Het college heeft een verweerschrift ingediend.
De Afdeling heeft de zaak ter zitting behandeld op 12 mei 2014, waar [appellant], bijgestaan door mr. J.M.H.J. Colen, advocaat te Sittard, en het college, vertegenwoordigd door mr. J.P.A. Croughs en J.J. Bulles, beiden werkzaam bij de gemeente, zijn verschenen. Voorts is [partij] ter zitting gehoord.
Overwegingen
1. Ingevolge artikel 8:51d van de Awb kan de Afdeling het bestuursorgaan opdragen een gebrek in het bestreden besluit te herstellen of te laten herstellen.
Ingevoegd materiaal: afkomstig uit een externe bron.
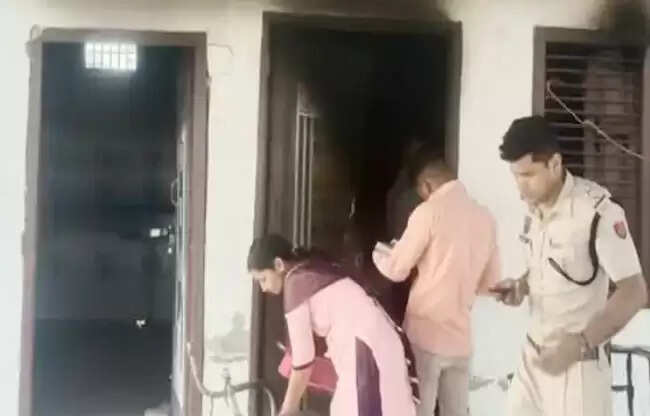 सोनीपत में पूर्व सरपंच के घर चोरी के बाद लगाई आग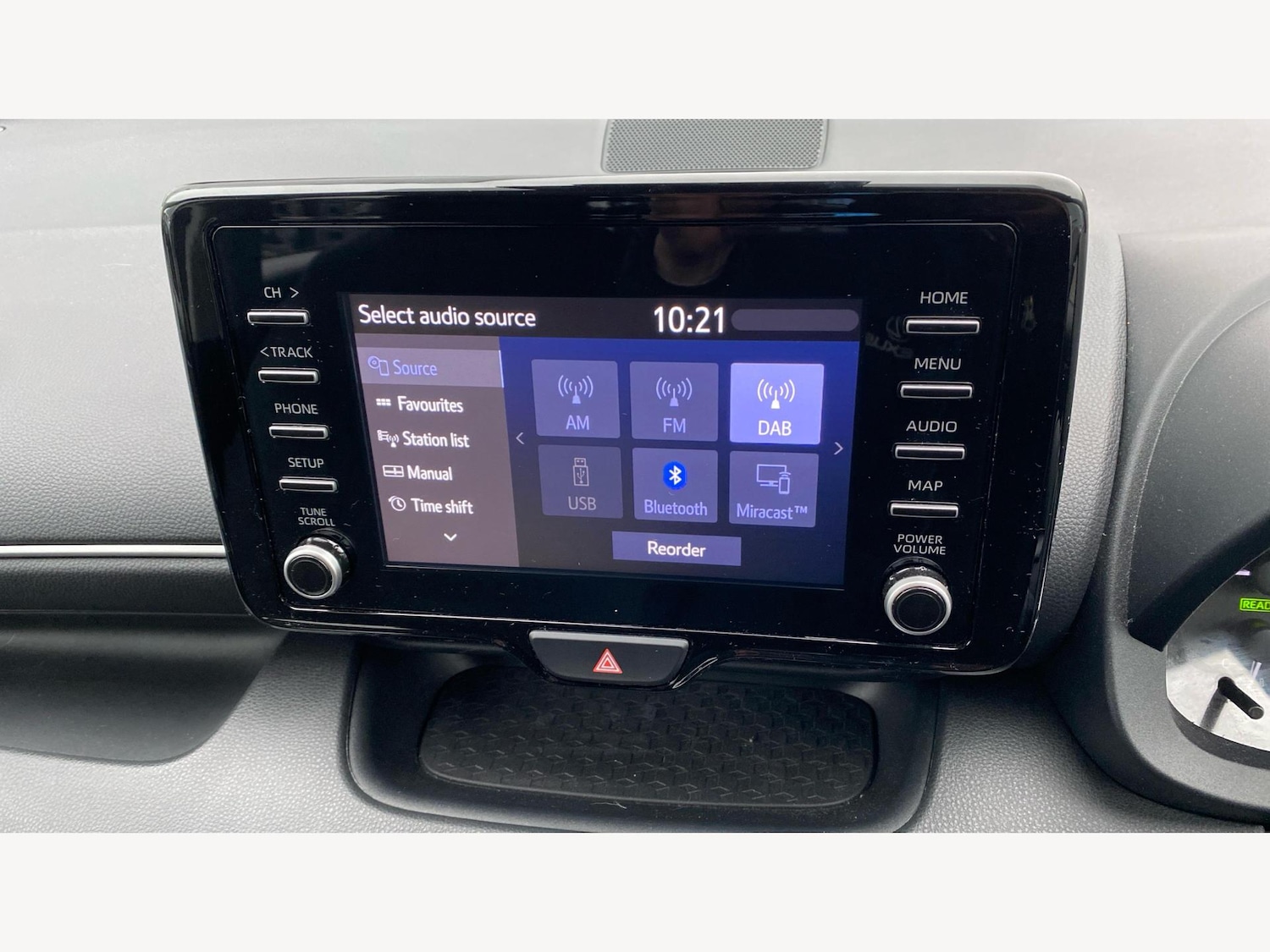 Used Toyota Yaris 2023 for sale - 77634009: Photo 27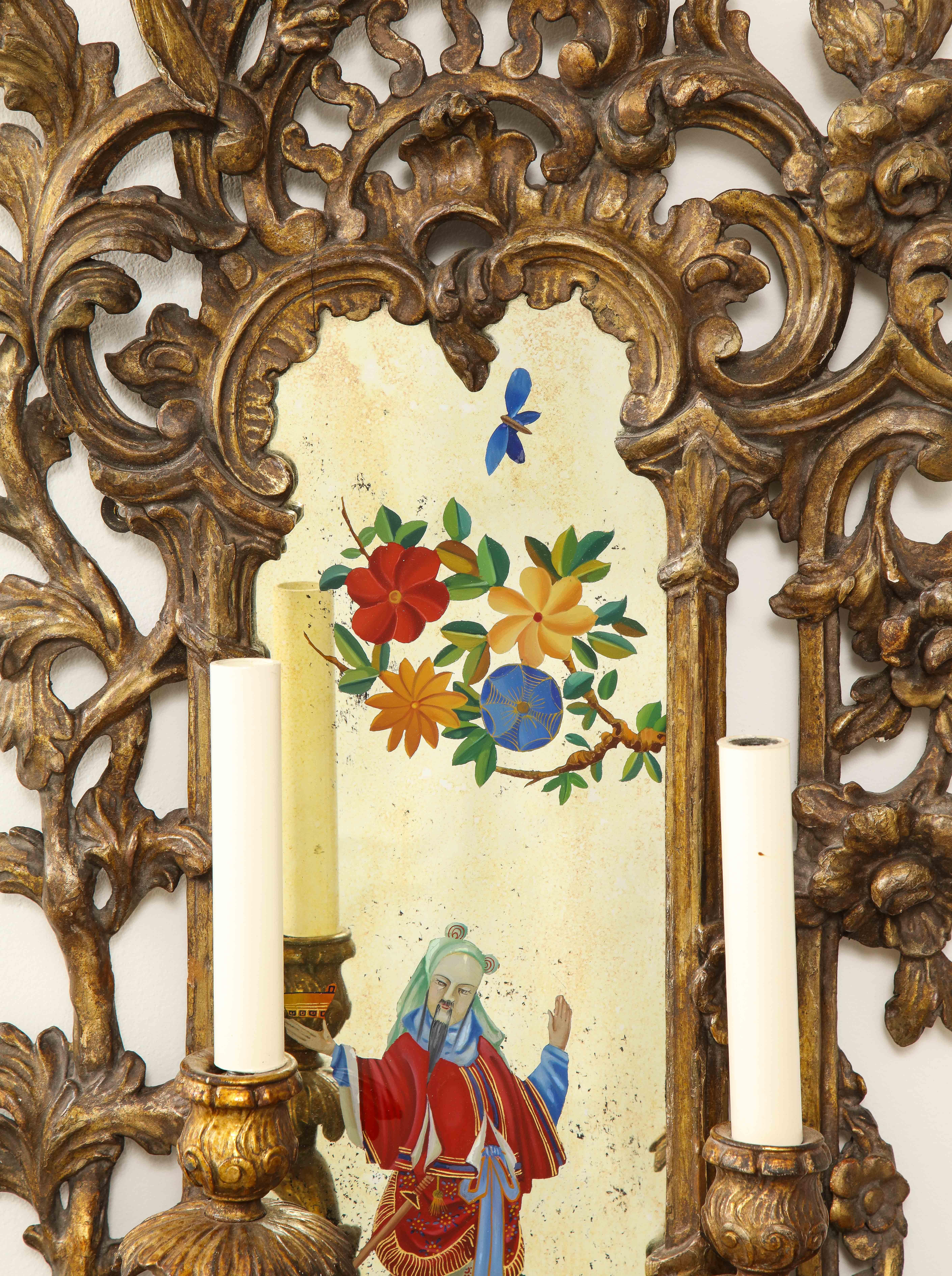 Hand-Painted Pair of English Chinoiserie Painted Reverse on Glass Giltwood Mirrored Sconces For Sale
2. [appellant] betoogt dat de rechtbank niet heeft onderkend dat hij processueel belang heeft bij een behandeling van zijn beroepen tegen de besluiten van 2 maart 2010 en 12 juli 2011. Hij voert hiertoe aan dat de rechtbank ten onrechte niet heeft beoordeeld of het bouwplan in strijd is met het op 16 april 2012 door de gemeenteraad van de gemeente Vaals vastgestelde bestemmingsplan "Buitengebied 2013". Volgens [appellant] is de inhoud van het bouwplan in strijd met artikel 14.2.1 van de planregels van dat bestemmingsplan. Verder betoogt [appellant] dat de rechtbank niet heeft onderkend dat de situering van het terras en de schoorsteen in strijd zijn met het bestemmingsplan en voor overlast zorgen en dat door middel van het verstrekken van onjuiste gegevens hiervoor toch bouwvergunning is verleend.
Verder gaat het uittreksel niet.